Scalia’s concurrence in Ricci elaborated an alleged conflict between equal protection and the disparate treatment of the Civil Rights Act. I won’t call this a false conflict, exactly — as with many legal and constitutional values, there is potential tension in marginal cases. But I think Ginsburg’s response gets it right:

Neither Congress’ enactments nor this Court’s Title VII precedents (including the now-discredited decision in Wards Cove) offer even a hint of “conflict” between an employer’s obligations under the statute’s disparate-treatment and disparate-impact provisions. Cf. ante, at 20. Standing on an equal footing, these twin pillars of Title VII advance the same objectives: ending workplace discrimination and promoting genuinely equal opportunity.

Yet the Court today sets at odds the statute’s core directives.

I’ll leave a discussion about how the Court’s conservatives have used different standards of evidence to prove discriminatory intent for another post. But, in general, not only is paying attention to disparate impact consistent with enforcing civil rights and the equal protection of the law, it’s necessary.

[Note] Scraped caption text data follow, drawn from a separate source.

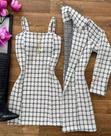 Conjunto feminino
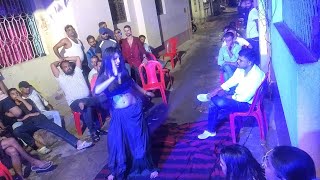 Chuma mange mastarba Bhojpuri Song Gaya Stage show [upl. by Adnav]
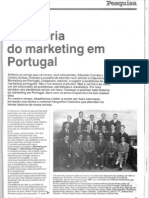 Historia Do Marketing Em Portugal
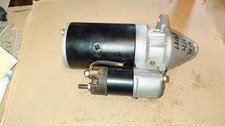 Anlasser Wartburg 353 Barkas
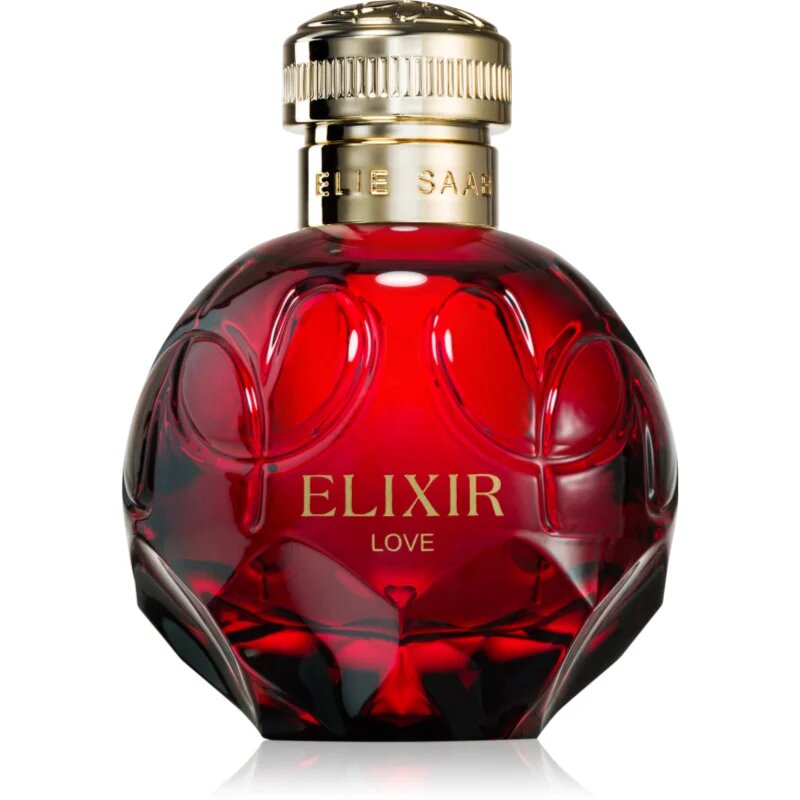 Elie Saab Elixir Love parfumska voda za ženske 100 ml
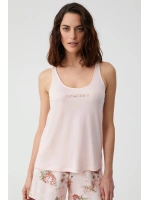 Penyemood Comfort mood pembe şort takım 2817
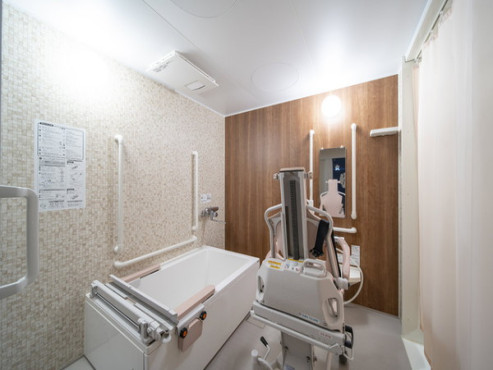 クランコート東住吉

To use the old analogy, it’s silly to pretend (as the ahistorical formalism practiced by the Court’s conservatives* demands) that a woman kept in chains and fed bread and water and a woman given a professional training regimen are in an equal position because they both start at the same line. The effects of history don’t vanish when the law changes. Legacy admissions in formerly racist colleges, for example, perpetuate white supremacy whether they are intentionally discriminatory or not, because they provide a benefit to some whites that are not available to black people. This isn’t to suggest that dealing with a history of discrimination is easy, of course, but there’s a reason why virtually nobody who supported civil rights contemporaneously thinks that John Roberts’ empty homilies are an adequate response.

*Of course, this applies only to assessing discrimination against African-Americans. When you’re asserting discrimination against an Italian-American firefighter, any lurid, implausible, race-bating conspiracy theory is plenty good enough.